IDEAS: Is the Jesus that people discuss and worship today a figment of historical politics—or even good religious marketing, as cynics like to say?
ASLAN: It’s not about propaganda or lies or inventions that were spread by Jesus’ early followers that have duped millions of people into thinking that this man is God. What we refer to as history, the accumulation of empirically verifiable facts and events, would make no sense to the ancient mind. History was not about discovering facts, but revealing truths. The gospel writers who wrote about Jesus were not eyewitnesses to what they were writing about. They were making a theological argument about a man they had already decided was Christ.
IDEAS: You end by saying Jesus is someone worth believing in. You’re a Muslim. I was curious about what you mean.

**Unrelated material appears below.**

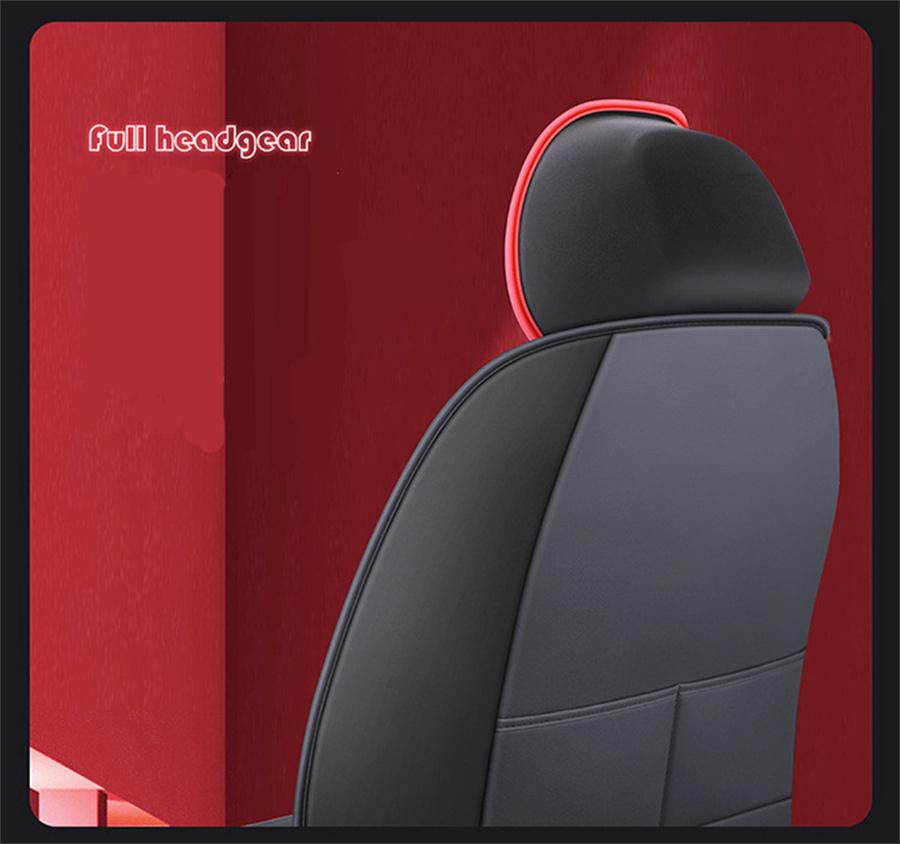 Full Set Luxury Perforated Breathable PU Leather Car Seat Cushion Protector For all Seasons 5 Seats 2022 New Style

ASLAN: I believe you can be a follower of Jesus without being a Christian, just like you can be a Christian without being a follower of Jesus. The example set by this man 2,000 years ago is as compelling today in the social environment we currently live in as it was in first-century Palestine.
Reza Aslan is speaking at the Boston Public Library on Sept. 26. Michael Fitzgerald is a freelance writer in Cambridge.